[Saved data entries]
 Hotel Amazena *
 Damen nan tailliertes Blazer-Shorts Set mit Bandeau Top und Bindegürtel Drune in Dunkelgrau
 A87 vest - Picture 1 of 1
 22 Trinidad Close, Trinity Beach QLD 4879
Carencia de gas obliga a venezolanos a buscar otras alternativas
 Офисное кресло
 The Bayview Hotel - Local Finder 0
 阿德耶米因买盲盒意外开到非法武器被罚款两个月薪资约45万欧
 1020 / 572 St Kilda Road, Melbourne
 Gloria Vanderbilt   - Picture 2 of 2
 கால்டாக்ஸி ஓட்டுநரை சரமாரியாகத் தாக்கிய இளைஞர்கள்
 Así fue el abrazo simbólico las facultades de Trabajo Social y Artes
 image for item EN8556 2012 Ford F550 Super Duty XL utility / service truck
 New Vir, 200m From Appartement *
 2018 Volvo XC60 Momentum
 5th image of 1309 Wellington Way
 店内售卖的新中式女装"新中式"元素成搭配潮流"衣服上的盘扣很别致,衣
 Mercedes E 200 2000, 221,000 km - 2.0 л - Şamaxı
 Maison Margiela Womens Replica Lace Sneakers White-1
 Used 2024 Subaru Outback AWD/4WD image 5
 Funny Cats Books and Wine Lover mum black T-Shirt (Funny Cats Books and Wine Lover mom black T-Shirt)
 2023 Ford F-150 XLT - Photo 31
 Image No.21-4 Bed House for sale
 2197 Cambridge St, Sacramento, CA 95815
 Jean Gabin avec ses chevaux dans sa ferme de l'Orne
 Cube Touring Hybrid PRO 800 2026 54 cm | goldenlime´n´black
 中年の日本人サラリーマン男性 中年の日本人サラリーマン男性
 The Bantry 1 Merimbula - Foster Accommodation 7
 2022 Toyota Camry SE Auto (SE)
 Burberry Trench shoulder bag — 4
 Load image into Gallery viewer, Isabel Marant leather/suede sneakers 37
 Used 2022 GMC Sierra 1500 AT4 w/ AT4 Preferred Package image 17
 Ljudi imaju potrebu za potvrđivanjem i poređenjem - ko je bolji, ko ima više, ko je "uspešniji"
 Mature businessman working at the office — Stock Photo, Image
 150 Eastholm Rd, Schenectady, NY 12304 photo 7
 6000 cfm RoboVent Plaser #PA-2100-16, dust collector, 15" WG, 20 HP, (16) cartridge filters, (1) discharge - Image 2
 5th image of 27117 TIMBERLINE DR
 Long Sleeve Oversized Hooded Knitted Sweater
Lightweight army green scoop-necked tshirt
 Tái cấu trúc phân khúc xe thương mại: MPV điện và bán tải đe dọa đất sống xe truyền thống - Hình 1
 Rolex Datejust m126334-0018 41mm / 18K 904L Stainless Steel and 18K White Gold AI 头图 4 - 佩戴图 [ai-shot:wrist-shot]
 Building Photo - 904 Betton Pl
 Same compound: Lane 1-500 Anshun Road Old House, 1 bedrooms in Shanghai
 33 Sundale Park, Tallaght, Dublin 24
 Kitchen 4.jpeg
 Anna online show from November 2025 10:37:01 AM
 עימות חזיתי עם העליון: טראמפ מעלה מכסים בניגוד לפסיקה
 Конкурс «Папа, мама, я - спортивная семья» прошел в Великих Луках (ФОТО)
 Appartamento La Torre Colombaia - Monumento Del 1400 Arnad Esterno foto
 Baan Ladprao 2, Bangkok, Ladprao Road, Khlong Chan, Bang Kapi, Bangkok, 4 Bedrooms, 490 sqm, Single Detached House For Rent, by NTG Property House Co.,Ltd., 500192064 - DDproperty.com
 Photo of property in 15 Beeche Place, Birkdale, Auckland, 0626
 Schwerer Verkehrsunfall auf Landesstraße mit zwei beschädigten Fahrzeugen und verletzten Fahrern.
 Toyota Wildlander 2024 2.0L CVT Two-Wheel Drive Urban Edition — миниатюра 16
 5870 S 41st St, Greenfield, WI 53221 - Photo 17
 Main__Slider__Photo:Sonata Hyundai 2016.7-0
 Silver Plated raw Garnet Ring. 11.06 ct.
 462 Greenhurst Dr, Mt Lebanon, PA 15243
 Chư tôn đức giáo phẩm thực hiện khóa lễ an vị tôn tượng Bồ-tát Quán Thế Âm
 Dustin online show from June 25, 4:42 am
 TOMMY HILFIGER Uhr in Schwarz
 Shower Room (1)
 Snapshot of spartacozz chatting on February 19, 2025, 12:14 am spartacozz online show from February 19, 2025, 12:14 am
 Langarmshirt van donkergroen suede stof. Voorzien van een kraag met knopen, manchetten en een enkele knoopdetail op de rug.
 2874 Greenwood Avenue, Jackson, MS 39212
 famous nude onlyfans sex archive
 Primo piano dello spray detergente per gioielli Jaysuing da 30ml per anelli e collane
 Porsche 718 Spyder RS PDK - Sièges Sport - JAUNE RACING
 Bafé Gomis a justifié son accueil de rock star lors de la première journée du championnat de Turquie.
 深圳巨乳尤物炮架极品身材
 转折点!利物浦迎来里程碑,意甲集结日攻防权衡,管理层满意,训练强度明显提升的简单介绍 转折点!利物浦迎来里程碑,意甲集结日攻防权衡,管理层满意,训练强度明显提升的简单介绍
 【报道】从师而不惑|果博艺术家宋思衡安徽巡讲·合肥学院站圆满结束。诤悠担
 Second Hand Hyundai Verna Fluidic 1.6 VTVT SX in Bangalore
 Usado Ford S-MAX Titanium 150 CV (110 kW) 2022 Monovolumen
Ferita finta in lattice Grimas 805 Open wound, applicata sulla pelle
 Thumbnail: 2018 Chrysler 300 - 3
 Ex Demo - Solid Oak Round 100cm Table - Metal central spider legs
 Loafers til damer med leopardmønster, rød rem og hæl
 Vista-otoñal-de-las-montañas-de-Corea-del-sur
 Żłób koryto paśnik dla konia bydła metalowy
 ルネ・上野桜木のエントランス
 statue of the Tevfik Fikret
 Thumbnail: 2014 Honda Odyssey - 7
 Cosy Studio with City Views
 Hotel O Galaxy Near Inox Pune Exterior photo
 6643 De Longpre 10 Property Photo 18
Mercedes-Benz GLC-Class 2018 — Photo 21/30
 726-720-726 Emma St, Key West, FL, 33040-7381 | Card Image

BRIEF:
Each line of the entries that holds "Toyota" should be counted, and only the total given.

PROBLEM SOLUTION:
2